59 Nyack Maria Leslie Grey



After my tour around Nyack, I made my way to Maria's, where she and Leslie and I were joined by Maria's husband, Grey--a lanky fellow with a balding forehead. He wore a yellow oxford shirt and punctuated his resonant speech with a sharp laugh and a forearm shooting upwards. Pregnant Maria sprawled on the couch beside him, while Leslie and I parked ourselves in separate chairs opposite.

"What you are doing has very few precedents," Grey said, "What'd you call it: 'anthropological art criticism?' It's that--slash--travelogue--slash--Working by Studs Terkel."

"Exactly," I responded. "I actually graduated from Northwestern with a degree in an obscure major all about oral storytelling: The Oral Interpretation of Literature."

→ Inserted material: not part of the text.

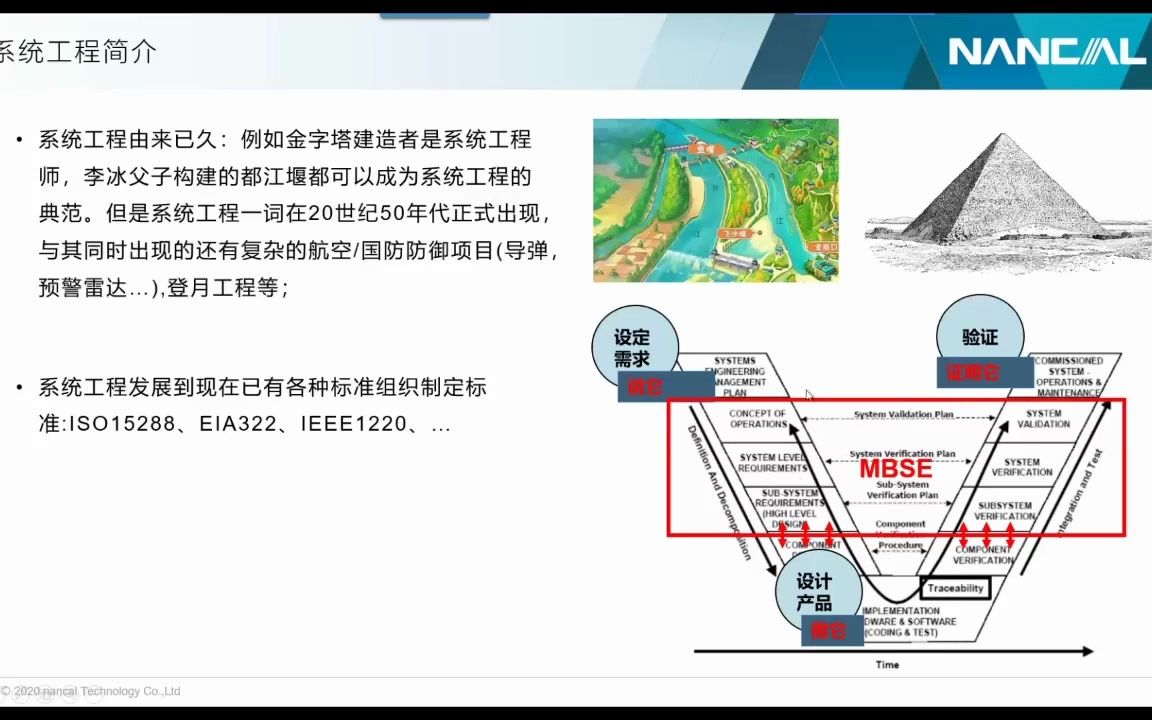 基于模型的系统工程解决方案概述后厂造哔哩哔哩bilibili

"Ha," Grey roared. "I have a Theater degree from Northwestern."

We gossiped about teachers we knew in common and learned that I had seen a show in 1989 in Gloucester, Massachusetts, that Grey had directed.

Grey continued, "It's almost like this kind of joke Hopper is playing. 'My paintings will hang in all these different towns. And someone is going to come along and have to figure me out by traveling all around.' Hopper didn't stay put. And that was part of his message. 'I'm gonna do urban; I'm gonna do rural; I'm gonna do coast.' People in his day were trying to figure out 'How do I live in the city?'"

Leslie noted, "His rural is never as lonely as being alone in the city."

"But that's the thing about the city and the country," Maria pointed out. "It's dislocation. And that's the American dream, in an odd way."

Grey said, "Hopper's rural stuff is like the country store in Seven A.M."

Maria turned to Leslie, "That's the place where I told you I looked at the painting and said, 'I know that place'."

Leslie objected, "But it's not … true. That cannot be (what do you call it?) 'certified.' Nobody knows exactly where something was painted."

"Hopper," Maria observed, "had a woman that was very devoted to him and that he also loved. He did exactly what he loved in his painting. He had his car, did his travels. He had a house, Washington Square, the most stimulating environment to be in at that time in the whole country, and in Cape Cod, the most empty, beautiful space you could ever want. Wasn't he a really happy guy? Yet the paintings don't depict that kind of euphoria, or even marginal happiness."

Grey said, "Forget about happiness. Contentment is the deeper, richer thing, and you see that in him. Sunshine is pretty happy."

Maria said, "Yeah, but it's kind of missing that soul. The people in his paintings: Where's the spirit? If it's there, it's murky and it's way down in."

Leslie said, "I think he just wanted to record things, moments."

Maria said, "I think he was very Zen, in the sense of that moment, that light, that building, that day."

Leslie said, "You don't have to solve the human dilemma in a painting. You can report or reveal this lonely side of being a human being and isolated, and it doesn't necessarily have to be negative or sad. It just is."